Accordingly, although I cannot completely concur with the majority's analysis, I do concur that the statute is facially unconstitutional.

McDONALD, J., concurs.

McDONALD, Justice, concurring in result.

I agree that section 106.08(8), Florida Statutes (1989) (the Campaign Financing Act), is unconstitutional. I concur with the views expressed by Chief Justice Ehrlich and limit my objection to the fact that the statute applies to nonlegislative candidates and thereby is unnecessarily and improperly overbroad.

NOTES

[1] This statute had been approved by the 1989 Florida Legislature and governor as part of an omnibus revision of state campaign financing law. Ch. 89-256, § 12, Laws of Fla.

[2] The Austin opinion approved severe restrictions on the ability of corporations to make contributions directly from corporate treasuries. Austin v. Michigan Chamber of Commerce, ___ U.S. ___, 110 S.Ct. 1391, 108 L.Ed.2d 652 (1990). The Court concluded that the corrupting influence caused by enormous concentrations of corporate wealth justified the restriction. Id.
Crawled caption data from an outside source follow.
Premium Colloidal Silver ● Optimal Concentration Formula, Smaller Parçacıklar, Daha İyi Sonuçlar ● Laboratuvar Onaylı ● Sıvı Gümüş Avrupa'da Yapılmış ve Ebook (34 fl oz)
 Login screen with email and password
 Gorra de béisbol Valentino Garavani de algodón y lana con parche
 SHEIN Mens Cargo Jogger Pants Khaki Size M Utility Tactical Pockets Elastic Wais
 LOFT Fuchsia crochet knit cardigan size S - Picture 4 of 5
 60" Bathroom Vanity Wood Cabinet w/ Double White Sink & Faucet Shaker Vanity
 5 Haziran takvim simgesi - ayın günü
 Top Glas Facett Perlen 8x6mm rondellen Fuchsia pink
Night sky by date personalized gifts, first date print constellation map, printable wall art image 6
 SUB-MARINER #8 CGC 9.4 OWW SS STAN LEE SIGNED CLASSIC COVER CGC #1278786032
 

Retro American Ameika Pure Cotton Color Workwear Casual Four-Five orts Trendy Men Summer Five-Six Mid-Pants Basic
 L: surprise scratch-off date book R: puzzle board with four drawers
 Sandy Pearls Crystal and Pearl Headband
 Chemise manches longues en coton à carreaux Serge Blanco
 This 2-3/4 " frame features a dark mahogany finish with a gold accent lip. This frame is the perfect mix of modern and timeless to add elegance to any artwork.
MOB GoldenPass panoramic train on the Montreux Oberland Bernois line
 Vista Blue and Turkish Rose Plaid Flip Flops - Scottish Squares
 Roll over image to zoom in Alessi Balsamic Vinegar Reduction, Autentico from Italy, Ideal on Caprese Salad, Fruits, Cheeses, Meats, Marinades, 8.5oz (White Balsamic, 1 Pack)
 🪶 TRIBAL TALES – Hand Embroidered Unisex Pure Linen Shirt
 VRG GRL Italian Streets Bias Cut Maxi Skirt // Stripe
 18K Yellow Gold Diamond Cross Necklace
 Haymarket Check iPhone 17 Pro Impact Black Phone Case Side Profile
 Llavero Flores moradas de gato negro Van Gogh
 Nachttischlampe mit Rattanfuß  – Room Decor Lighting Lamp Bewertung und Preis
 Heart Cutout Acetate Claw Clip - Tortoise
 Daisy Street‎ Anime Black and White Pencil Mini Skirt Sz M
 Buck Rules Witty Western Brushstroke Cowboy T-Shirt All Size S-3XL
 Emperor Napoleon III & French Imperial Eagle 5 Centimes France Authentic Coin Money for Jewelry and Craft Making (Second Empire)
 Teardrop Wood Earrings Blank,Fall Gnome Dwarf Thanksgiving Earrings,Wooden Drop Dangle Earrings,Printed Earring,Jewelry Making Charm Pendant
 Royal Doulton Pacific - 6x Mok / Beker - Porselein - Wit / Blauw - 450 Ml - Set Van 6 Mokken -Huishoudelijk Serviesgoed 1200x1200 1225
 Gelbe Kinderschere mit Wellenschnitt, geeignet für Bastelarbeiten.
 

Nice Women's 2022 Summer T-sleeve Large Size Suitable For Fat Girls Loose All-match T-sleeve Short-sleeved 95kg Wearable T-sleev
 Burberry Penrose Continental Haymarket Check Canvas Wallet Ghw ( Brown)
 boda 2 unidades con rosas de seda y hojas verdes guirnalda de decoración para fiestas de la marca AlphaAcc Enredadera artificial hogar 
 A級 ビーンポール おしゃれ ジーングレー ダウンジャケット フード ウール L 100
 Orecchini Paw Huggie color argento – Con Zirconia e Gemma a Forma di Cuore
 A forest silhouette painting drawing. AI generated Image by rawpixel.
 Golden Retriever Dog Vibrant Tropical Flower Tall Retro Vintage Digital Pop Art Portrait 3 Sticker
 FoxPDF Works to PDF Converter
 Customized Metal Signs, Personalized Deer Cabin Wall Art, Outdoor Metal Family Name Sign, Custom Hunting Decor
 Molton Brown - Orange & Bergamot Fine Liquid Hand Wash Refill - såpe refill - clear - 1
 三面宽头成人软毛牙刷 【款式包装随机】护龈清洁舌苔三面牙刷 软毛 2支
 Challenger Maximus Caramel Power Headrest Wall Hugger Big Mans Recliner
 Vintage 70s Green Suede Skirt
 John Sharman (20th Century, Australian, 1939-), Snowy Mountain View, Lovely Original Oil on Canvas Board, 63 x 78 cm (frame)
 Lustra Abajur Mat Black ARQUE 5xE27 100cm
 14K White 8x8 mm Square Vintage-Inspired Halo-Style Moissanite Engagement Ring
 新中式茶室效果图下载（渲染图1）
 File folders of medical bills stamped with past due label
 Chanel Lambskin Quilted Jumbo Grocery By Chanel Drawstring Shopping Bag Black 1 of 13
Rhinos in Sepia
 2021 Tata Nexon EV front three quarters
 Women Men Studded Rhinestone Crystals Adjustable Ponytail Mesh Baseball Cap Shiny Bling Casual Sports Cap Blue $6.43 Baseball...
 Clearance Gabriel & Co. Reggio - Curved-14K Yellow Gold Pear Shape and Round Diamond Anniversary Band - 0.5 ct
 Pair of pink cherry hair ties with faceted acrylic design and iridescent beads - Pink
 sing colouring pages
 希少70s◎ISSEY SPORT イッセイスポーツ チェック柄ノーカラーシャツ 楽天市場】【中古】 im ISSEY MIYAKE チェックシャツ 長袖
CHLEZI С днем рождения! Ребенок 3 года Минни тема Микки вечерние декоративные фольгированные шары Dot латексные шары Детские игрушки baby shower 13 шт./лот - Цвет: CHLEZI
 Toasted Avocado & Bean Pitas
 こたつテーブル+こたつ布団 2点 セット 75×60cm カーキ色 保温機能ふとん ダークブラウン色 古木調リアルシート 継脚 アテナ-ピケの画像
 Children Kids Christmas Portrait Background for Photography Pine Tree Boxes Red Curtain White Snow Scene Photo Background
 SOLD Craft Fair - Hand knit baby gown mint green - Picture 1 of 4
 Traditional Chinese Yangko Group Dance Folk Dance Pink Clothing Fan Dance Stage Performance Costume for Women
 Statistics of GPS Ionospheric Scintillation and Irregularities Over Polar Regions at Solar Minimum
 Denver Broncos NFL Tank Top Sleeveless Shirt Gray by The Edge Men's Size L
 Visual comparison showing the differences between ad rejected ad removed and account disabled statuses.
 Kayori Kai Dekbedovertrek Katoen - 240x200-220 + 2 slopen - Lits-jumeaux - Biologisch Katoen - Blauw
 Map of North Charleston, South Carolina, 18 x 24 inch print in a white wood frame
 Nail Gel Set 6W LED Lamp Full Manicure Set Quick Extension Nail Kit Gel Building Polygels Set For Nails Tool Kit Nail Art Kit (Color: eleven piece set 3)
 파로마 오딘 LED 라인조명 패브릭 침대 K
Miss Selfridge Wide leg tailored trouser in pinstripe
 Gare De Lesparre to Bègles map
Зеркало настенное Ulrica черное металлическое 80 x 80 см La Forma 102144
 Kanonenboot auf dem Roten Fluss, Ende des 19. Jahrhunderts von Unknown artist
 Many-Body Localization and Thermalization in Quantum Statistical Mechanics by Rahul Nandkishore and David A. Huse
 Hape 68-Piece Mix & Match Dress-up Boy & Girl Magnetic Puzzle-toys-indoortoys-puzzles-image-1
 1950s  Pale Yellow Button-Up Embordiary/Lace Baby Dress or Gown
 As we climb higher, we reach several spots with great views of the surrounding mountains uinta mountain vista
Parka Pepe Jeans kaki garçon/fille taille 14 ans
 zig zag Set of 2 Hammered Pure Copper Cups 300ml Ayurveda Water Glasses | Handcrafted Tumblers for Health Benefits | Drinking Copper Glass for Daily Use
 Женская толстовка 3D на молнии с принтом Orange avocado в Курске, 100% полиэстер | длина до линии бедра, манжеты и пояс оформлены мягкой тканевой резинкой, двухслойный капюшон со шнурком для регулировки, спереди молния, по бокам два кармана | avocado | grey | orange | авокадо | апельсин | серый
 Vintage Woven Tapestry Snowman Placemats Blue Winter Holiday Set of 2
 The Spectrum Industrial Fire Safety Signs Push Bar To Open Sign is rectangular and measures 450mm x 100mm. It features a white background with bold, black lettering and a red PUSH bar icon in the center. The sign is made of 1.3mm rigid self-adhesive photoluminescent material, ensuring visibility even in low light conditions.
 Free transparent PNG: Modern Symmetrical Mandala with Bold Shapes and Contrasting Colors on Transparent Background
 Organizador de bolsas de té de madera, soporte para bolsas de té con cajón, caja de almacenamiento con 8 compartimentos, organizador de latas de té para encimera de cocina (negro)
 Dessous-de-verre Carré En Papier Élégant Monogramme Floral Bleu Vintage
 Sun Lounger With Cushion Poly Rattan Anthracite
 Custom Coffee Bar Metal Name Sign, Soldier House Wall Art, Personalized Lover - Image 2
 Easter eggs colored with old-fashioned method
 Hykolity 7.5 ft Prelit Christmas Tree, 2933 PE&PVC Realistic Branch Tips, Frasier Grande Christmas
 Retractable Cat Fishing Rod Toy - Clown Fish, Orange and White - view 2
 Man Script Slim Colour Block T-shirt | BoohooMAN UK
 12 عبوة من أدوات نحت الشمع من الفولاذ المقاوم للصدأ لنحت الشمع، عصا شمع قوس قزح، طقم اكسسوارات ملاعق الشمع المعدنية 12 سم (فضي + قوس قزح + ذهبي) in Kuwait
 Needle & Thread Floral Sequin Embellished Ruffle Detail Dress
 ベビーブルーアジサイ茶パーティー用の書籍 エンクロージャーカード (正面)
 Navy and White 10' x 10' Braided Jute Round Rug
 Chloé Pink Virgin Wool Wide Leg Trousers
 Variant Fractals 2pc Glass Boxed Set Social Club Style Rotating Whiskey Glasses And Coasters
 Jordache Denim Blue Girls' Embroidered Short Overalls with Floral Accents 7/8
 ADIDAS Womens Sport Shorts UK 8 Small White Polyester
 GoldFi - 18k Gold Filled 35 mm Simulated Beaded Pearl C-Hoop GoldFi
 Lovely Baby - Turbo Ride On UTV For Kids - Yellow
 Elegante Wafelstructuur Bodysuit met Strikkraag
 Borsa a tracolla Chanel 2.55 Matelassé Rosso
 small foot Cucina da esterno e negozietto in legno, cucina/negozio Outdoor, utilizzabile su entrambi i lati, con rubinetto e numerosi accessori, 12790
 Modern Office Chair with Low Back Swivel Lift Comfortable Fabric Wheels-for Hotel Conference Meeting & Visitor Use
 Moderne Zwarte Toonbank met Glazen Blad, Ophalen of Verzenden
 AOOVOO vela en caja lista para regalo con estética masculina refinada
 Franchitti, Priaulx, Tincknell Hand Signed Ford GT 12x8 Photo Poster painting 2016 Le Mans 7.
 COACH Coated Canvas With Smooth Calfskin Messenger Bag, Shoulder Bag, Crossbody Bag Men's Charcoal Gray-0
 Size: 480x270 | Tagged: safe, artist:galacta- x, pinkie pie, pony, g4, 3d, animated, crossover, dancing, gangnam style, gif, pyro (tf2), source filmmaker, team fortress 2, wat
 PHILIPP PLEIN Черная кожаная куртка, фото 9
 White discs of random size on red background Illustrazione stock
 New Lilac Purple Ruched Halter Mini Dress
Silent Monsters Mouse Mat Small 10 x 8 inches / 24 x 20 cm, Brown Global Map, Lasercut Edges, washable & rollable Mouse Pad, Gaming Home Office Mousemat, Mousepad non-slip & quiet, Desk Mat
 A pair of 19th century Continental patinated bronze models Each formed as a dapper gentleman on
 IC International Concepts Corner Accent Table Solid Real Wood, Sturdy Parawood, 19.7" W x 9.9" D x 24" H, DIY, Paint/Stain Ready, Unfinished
[3] We disagree with that portion of the circuit court order finding the statute vague. Although the terms "solicit" and "special session" are somewhat ambiguous, we believe these terms easily can be construed in light of the legislative intent so as to render them reasonably precise. This sort of judicial refinement of language is permissible where, as here, the statute and its underlying intent suggest a saving construction. See Brown v. State, 358 So.2d 16, 20 (Fla. 1978). We believe it is clear, for instance, that the legislature intended the statute to encompass all legislative sessions, whatever their technical description.